The promise of multi-omics approaches to discover biological alterations with clinical relevance in Alzheimer's disease

Christopher Clark  1   2 Miriam Rabl  2   3 Loïc Dayon  4   5 Julius Popp  1   2   6
Affiliations
Review

The promise of multi-omics approaches to discover biological alterations with clinical relevance in Alzheimer's disease

Christopher Clark et al. Front Aging Neurosci. .

Abstract

Beyond the core features of Alzheimer's disease (AD) pathology, i.e. amyloid pathology, tau-related neurodegeneration and microglia response, multiple other molecular alterations and pathway dysregulations have been observed in AD. Their inter-individual variations, complex interactions and relevance for clinical manifestation and disease progression remain poorly understood, however. Heterogeneity at both pathophysiological and clinical levels complicates diagnosis, prognosis, treatment and drug design and testing. High-throughput "omics" comprise unbiased and untargeted data-driven methods which allow the exploration of a wide spectrum of disease-related changes at different endophenotype levels without focussing a priori on specific molecular pathways or molecules.
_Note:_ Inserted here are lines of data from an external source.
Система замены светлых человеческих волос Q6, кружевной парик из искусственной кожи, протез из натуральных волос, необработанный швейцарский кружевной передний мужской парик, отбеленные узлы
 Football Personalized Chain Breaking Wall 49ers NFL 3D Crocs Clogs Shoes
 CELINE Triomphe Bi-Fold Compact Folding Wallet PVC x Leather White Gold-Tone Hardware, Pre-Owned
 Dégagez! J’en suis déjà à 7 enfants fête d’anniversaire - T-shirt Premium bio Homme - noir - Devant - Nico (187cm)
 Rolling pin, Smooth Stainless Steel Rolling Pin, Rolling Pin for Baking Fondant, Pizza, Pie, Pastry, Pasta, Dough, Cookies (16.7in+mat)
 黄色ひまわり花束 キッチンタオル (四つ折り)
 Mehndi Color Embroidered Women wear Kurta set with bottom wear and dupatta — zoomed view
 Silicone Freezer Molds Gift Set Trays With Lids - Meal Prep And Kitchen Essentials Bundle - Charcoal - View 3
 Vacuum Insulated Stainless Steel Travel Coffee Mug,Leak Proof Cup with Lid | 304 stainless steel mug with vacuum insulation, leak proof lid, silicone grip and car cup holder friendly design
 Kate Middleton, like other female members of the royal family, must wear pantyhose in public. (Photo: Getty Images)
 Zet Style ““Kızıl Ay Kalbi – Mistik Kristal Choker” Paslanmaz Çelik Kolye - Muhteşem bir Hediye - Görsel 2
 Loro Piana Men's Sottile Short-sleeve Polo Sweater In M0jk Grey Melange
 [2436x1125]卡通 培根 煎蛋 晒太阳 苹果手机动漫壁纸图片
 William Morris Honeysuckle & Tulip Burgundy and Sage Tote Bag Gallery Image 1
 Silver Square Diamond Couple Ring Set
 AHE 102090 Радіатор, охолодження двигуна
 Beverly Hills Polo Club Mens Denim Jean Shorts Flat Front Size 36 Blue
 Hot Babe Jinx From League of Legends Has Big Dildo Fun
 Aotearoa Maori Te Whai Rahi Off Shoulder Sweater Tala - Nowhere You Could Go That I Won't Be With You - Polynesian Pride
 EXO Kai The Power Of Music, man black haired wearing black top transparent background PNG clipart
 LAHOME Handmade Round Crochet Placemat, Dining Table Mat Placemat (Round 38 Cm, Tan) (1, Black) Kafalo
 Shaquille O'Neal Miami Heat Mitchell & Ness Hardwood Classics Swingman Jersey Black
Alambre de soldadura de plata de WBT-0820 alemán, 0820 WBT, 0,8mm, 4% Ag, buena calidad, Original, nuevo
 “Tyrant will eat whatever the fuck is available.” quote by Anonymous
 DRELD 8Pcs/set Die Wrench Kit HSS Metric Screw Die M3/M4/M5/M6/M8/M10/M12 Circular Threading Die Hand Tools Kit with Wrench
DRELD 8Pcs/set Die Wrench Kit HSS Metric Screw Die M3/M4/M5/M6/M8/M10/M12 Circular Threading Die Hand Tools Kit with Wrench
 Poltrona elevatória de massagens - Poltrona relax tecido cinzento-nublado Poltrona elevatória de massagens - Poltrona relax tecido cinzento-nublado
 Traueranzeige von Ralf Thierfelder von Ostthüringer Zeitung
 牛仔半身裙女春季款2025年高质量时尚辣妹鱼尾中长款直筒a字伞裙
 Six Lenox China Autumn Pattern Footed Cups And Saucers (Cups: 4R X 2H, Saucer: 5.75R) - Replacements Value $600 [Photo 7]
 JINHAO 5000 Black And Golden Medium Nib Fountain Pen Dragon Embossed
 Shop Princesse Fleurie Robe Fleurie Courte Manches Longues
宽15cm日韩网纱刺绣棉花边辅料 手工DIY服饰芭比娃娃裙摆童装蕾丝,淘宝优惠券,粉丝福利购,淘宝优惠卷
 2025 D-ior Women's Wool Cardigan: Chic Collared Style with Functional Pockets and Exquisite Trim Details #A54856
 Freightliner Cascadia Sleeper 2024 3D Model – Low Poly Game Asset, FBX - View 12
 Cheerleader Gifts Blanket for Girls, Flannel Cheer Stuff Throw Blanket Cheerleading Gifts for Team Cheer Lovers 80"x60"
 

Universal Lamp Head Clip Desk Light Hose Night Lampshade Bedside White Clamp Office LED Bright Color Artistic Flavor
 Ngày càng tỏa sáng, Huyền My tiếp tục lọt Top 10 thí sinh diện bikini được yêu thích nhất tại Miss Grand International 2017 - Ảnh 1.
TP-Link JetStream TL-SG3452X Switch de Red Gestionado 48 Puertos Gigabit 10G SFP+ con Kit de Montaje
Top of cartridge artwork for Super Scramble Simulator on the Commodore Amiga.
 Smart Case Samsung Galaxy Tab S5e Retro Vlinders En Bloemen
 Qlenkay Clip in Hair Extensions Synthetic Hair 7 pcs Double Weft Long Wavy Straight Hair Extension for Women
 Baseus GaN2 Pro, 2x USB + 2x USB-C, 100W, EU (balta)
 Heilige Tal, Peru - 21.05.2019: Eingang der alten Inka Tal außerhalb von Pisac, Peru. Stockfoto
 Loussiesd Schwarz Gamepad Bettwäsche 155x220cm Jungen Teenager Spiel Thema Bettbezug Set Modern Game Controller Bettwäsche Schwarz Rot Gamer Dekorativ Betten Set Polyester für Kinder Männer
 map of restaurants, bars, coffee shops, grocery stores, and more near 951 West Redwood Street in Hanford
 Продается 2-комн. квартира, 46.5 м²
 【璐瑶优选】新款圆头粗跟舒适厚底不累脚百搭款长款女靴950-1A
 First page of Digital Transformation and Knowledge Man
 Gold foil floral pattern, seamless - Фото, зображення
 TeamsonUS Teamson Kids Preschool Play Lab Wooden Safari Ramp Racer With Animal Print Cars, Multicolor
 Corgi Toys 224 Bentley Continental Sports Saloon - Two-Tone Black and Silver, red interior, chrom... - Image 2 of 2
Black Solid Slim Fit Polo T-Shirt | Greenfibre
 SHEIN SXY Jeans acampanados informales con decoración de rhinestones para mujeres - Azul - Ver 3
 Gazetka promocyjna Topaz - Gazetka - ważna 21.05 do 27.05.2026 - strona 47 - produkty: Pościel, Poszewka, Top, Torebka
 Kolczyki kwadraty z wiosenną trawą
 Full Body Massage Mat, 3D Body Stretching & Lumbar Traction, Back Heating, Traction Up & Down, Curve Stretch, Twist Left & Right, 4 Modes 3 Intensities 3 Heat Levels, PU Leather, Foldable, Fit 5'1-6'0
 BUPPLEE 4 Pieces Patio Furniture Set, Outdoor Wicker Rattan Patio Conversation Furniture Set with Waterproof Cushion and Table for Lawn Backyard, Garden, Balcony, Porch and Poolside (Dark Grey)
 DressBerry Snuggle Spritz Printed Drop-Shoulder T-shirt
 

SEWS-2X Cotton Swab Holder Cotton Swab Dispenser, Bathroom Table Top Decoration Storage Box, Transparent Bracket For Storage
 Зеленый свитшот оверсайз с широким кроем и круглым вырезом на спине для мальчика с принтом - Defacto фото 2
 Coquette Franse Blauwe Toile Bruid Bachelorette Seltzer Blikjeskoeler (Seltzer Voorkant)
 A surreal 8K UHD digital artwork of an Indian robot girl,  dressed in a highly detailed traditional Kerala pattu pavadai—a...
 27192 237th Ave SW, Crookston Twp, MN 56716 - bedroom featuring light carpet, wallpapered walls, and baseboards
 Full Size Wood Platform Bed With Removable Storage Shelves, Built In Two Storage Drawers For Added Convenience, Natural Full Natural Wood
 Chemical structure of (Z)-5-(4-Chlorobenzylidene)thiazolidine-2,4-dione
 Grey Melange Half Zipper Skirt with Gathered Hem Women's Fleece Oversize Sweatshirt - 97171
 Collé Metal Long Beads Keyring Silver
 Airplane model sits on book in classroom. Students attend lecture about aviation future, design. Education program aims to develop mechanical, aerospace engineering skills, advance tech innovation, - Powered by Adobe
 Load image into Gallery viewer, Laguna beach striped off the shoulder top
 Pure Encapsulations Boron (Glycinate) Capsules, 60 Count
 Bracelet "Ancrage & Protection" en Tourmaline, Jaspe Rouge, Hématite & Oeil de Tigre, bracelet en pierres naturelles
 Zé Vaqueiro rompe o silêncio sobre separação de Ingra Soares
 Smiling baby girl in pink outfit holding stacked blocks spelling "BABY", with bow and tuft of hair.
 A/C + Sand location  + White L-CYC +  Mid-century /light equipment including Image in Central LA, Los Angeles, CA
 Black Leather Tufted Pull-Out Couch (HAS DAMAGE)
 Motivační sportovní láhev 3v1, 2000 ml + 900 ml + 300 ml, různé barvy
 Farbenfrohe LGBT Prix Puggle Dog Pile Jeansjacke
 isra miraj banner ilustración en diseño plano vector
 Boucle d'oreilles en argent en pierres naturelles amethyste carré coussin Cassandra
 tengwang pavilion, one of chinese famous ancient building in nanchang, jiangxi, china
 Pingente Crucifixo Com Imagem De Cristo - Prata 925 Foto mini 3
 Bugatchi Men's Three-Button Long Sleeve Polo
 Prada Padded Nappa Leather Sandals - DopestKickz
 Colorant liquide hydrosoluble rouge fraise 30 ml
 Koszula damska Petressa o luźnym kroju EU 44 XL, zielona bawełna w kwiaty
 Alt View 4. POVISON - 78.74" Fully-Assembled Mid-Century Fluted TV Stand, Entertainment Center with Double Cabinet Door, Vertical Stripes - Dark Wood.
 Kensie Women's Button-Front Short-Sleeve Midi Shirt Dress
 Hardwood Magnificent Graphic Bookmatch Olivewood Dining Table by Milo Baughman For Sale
Crucially, new methodological and statistical advances now allow for the integrative analysis of data resulting from multiple and different omics methods. These multi-omics approaches offer the unique advantage of providing a more comprehensive characterisation of the AD endophenotype and to capture molecular signatures and interactions spanning various biological levels. These new insights can then help decipher disease mechanisms more deeply. In this review, we describe the different multi-omics tools and approaches currently available and how they have been applied in AD research so far. We discuss how multi-omics can be used to explore molecular alterations related to core features of the AD pathologies and how they interact with comorbid pathological alterations. We further discuss whether the identified pathophysiological changes are relevant for the clinical manifestation of AD, in terms of both cognitive impairment and neuropsychiatric symptoms, and for clinical disease progression over time. Finally, we address the opportunities for multi-omics approaches to help discover novel biomarkers for diagnosis and monitoring of relevant pathophysiological processes, along with personalised intervention strategies in AD.

Keywords: Alzheimer’s disease; biomarkers; clinical relevance; integration; multi-omics; personalised medicine.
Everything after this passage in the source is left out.